IHU On-Line - Quais são os principais elementos da teologia paulina que deveriam ser recuperados para um maior diálogo cultural hoje?

Valdir Marques - A questão fé e razão permanece candente e intrigante. Paulo apenas acena para soluções em textos-chaves (Rm 1,19-20; 11,23; 1 Cor 1,17-30; 2,1-13; 3,19 com 12,8; 2Cor 1,12). A antropologia paulina, tão difícil de sintetizar, é um campo aberto para o diálogo com as antropologias atuais. Muito difícil de conduzir é o diálogo com o judaísmo sobre a cristologia paulina perante o pensamento monoteísta e messiânico. Porém, o problema mais desafiador de todos, porque do próprio cristianismo perante a cultura atual, é o da Encarnação e Ressurreição de Cristo.

IHU On-Line - Qual é a contribuição antropológica que Paulo apresenta na carta aos Romanos?

Valdir Marques - A antropologia de Romanos decorre da cristologia paulina. Rm 5,12-21 é o texto-chave. Remontando às origens do Gênero Humano e a queda no Pecado, Paulo encontra em Cristo o sentido da Criação, sendo Ele o Novo Adão. Conseqüentemente, o Cosmo verá as conseqüências desta Nova Criação em Cristo, num momento pelo qual anseia intensamente: ver a glória dos que antes eram apenas filhos de Adão transformados em filhos de Deus (Rm 8,18-22); todos seremos transformados na imagem do primogênito de Deus (Rm 8,29). Secundariamente a terminologia antropológica de Romanos (anthropos, soma, psyché, sarks, pneuma, thánatos, anástasis nekrôn) traz elementos próprios a serem entendidos em seu contexto.

IHU On-Line - A visão de mundo de Paulo não é um pouco apocalíptica? Como podemos compreendê-la melhor?

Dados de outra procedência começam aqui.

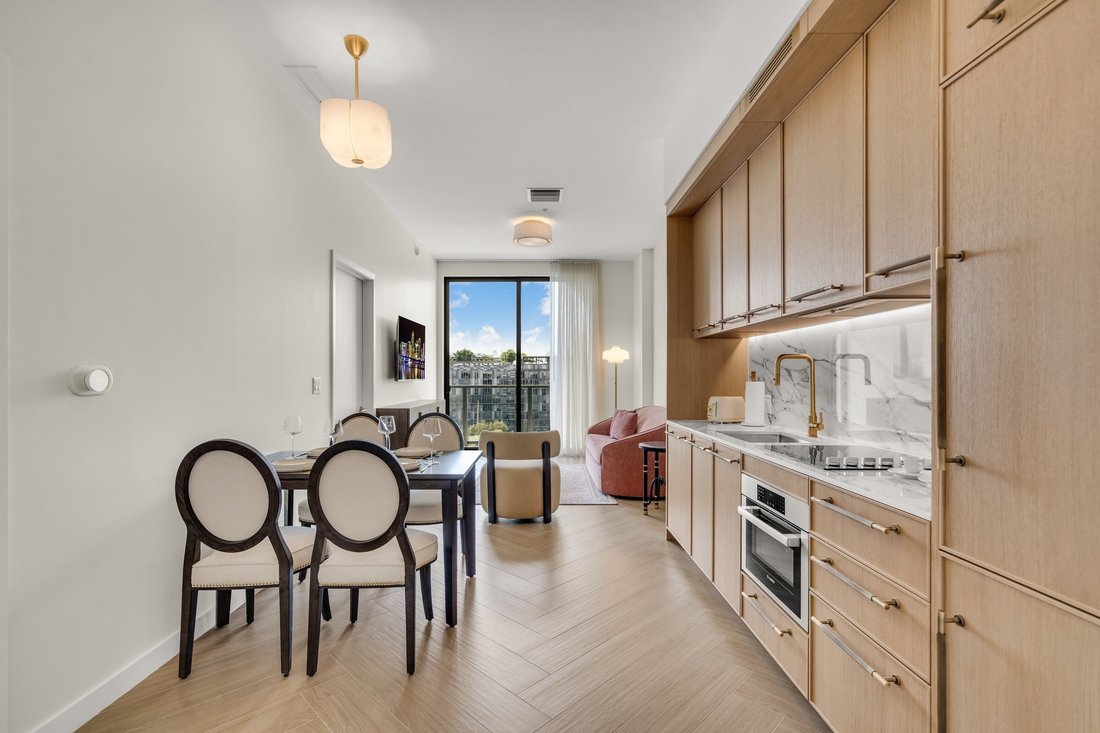 Condo in Miami, Florida, United States 5 - 19050593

Valdir Marques - De fato, é bem pouco apocalíptica em relação ao Antigo Testamento e ao Apocalipse de João. São poucos os textos em que Paulo de Tarso recorre a elementos apocalípticos como em 1Ts 5, onde explica a Ressurreição dos mortos na Parusia. É clara sua concepção de uma Nova Criação que suplanta a Antiga (2Cor 5,17; Gl 6,15; Rm 8,20-22). Se no Antigo Testamento uma Nova Criação viria no fim da história, para Paulo de Tarso este fim já nos alcançou, tendo-se iniciado na Ressurreição de Jesus Cristo para ser pleno com a destruição da morte (1Cor 15,26.54).